• _YOUR INSTRUCTIONS_:
Once you reach the line containing "Picking up a School Beauty to Be Wife Ch.385" in the entries below, write out that line and each one after it down to the line containing "Дорожные полицейские пересядут на Peugeot?", exactly and with nothing added.

• _SOURCE INFORMATION_:
◆ ◆ ◆ ◆

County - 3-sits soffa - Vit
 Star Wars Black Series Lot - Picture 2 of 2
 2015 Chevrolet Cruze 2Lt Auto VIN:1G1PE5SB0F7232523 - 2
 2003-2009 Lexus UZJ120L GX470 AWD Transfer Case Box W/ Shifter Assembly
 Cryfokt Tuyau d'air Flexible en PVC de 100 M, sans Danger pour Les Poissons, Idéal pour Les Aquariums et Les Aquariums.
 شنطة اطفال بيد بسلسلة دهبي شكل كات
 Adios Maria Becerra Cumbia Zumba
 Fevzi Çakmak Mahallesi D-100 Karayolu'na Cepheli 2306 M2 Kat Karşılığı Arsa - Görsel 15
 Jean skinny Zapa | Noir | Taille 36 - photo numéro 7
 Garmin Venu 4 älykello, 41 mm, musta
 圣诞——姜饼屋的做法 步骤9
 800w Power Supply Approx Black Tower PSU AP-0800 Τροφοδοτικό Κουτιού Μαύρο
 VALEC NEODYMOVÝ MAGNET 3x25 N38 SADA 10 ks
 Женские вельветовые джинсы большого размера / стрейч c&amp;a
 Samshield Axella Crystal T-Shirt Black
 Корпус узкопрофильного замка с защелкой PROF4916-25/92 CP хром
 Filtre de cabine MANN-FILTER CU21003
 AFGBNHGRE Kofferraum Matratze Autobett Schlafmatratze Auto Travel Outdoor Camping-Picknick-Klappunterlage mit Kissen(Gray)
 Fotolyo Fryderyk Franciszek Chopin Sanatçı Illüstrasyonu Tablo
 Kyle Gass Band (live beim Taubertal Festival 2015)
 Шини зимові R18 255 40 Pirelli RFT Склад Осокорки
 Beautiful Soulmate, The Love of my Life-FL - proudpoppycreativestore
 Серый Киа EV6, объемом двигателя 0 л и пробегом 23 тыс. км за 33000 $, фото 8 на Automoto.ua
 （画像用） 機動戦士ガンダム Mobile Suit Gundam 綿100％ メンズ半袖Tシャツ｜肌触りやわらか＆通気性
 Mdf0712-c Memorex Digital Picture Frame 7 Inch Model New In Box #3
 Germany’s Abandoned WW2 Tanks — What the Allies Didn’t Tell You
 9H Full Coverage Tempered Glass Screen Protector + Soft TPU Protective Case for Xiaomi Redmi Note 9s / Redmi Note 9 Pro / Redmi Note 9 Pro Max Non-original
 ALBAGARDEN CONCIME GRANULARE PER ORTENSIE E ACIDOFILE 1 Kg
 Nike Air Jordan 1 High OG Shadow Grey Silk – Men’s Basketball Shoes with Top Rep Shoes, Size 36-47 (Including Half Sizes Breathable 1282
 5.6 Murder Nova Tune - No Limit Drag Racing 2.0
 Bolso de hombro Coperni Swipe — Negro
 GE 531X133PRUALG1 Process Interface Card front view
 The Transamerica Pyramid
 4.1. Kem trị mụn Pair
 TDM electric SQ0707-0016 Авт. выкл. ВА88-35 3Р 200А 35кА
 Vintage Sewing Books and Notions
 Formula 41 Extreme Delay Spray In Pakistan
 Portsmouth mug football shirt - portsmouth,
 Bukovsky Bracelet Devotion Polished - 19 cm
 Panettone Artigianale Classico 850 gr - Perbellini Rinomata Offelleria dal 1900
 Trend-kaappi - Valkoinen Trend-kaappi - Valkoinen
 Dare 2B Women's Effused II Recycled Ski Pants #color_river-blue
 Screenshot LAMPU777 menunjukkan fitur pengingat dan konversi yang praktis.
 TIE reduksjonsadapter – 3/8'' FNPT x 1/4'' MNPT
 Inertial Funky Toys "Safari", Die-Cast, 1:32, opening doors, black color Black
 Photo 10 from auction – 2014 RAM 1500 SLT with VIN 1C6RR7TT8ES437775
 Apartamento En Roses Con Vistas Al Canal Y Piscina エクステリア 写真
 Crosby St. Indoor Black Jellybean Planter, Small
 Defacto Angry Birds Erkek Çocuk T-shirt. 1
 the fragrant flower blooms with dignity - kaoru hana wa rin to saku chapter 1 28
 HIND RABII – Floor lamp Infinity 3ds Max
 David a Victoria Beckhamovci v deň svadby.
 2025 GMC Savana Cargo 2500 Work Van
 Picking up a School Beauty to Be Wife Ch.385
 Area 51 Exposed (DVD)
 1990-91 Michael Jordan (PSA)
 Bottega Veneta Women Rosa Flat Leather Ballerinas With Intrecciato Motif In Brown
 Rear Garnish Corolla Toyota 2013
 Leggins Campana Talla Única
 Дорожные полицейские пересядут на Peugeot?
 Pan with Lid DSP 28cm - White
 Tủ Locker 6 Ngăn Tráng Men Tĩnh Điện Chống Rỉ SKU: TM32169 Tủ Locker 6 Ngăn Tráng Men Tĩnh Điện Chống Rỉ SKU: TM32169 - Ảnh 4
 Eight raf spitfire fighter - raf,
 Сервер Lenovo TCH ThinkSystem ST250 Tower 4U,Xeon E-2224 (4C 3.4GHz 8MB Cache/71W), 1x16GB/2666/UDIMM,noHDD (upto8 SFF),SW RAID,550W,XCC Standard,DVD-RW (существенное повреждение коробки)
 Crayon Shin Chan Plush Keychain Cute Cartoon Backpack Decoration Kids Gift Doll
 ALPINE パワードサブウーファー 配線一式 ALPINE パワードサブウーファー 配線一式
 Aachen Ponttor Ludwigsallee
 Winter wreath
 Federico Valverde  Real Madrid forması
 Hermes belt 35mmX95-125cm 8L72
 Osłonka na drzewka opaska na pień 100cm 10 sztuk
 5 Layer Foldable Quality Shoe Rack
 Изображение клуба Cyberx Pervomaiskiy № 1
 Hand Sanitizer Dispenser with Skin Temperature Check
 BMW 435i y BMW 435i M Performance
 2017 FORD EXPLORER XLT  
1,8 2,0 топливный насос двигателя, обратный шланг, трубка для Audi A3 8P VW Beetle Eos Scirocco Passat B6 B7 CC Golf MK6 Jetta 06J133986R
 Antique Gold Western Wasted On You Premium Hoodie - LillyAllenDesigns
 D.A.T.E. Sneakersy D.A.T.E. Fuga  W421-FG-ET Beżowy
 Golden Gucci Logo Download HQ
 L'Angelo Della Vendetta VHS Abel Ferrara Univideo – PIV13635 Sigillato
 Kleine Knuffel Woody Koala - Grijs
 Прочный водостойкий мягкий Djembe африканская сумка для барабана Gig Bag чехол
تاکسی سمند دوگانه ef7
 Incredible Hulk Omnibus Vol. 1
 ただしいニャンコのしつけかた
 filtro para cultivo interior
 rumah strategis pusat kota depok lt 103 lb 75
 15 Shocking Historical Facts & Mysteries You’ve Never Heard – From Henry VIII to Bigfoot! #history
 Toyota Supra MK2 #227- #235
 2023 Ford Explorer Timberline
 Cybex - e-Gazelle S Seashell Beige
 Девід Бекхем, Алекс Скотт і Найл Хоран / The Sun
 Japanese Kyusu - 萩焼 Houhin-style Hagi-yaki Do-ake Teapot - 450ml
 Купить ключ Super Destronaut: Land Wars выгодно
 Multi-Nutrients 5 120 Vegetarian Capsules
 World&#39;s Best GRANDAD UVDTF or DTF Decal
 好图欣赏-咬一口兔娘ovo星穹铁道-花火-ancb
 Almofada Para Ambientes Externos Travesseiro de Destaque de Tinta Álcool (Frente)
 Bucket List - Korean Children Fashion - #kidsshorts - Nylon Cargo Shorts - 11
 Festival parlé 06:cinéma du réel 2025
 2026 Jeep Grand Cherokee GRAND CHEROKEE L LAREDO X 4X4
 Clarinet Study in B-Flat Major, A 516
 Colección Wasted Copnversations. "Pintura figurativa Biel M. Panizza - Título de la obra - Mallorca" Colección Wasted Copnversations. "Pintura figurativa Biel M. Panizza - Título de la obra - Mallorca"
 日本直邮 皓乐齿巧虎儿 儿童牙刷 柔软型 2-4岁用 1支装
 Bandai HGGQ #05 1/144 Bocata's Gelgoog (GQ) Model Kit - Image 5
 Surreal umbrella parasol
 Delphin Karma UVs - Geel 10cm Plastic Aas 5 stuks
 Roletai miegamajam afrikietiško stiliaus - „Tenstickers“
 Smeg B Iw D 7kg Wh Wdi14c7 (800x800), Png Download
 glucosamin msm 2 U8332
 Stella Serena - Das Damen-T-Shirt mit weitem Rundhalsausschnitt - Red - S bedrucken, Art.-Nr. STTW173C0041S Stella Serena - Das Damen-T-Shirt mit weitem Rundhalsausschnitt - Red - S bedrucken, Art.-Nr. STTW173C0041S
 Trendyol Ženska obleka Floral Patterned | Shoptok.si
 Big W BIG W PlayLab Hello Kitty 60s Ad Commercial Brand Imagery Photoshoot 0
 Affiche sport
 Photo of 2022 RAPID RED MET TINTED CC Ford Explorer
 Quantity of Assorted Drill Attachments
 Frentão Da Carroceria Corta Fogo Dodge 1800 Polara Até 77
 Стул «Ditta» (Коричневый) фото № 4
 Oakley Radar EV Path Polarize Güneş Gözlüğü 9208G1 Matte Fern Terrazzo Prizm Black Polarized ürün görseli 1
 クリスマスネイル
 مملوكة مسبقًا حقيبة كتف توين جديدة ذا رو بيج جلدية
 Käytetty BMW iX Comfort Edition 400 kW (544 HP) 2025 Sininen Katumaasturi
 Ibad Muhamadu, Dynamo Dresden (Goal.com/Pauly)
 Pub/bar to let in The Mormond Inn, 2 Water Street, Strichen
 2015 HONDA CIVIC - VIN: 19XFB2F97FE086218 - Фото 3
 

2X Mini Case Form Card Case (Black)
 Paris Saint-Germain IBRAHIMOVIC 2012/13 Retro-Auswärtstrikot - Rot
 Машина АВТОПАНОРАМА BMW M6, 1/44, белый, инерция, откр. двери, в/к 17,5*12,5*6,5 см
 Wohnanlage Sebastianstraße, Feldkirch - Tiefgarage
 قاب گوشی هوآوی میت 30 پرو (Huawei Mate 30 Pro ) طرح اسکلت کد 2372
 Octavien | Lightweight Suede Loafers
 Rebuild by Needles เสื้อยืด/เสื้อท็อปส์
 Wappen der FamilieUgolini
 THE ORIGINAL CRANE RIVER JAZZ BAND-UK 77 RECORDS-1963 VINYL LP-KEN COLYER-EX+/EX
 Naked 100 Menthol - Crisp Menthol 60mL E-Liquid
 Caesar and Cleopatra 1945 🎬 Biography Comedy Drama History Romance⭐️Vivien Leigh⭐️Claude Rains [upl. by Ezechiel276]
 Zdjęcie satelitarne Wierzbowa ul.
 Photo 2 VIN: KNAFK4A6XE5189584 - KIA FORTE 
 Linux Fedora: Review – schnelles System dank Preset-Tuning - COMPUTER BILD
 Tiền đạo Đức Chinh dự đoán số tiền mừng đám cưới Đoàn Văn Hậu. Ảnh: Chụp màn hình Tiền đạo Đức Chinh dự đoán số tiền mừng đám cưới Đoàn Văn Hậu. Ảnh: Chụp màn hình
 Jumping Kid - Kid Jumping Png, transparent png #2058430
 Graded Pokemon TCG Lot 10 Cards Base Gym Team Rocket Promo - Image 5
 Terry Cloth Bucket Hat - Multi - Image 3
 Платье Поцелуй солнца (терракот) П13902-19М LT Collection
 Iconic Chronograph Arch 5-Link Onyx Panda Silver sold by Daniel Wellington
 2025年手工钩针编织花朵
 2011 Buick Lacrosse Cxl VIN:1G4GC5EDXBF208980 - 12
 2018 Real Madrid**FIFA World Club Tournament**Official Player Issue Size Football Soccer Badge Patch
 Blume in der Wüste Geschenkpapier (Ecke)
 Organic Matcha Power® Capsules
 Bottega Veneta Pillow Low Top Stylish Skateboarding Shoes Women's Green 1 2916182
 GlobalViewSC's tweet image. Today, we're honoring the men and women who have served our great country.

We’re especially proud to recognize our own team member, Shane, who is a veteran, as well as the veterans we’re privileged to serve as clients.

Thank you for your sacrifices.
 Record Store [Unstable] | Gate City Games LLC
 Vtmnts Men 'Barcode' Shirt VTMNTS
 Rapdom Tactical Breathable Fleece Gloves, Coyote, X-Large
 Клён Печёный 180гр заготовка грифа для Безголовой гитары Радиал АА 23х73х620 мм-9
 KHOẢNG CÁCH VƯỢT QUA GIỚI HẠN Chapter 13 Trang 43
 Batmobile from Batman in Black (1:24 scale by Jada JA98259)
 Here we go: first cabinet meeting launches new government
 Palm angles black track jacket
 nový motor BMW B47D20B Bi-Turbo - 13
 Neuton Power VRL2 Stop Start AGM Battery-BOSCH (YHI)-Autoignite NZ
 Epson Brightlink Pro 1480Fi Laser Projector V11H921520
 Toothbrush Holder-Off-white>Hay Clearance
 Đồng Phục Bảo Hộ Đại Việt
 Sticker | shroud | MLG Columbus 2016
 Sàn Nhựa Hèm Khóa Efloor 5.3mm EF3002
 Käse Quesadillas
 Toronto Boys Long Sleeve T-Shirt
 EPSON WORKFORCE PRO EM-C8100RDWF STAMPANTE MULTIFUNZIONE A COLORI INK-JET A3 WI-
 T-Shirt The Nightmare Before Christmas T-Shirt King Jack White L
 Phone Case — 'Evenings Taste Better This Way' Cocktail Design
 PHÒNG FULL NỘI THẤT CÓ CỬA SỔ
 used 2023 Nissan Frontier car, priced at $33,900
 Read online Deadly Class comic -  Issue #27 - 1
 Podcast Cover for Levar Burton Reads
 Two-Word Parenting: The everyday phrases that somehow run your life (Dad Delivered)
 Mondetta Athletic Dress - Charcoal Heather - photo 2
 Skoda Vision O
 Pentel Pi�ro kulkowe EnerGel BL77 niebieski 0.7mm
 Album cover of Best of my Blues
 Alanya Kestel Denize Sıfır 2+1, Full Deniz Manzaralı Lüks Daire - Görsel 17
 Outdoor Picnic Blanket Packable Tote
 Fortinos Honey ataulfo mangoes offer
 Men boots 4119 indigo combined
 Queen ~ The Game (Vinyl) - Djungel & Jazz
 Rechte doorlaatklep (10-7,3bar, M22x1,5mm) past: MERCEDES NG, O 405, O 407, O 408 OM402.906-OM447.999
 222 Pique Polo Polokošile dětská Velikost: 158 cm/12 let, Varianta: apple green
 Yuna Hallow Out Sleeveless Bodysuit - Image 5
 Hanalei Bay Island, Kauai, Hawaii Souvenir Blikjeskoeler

◆ ◆ ◆ ◆

• _RESULT_:
 Picking up a School Beauty to Be Wife Ch.385
 Area 51 Exposed (DVD)
 1990-91 Michael Jordan (PSA)
 Bottega Veneta Women Rosa Flat Leather Ballerinas With Intrecciato Motif In Brown
 Rear Garnish Corolla Toyota 2013
 Leggins Campana Talla Única
 Дорожные полицейские пересядут на Peugeot?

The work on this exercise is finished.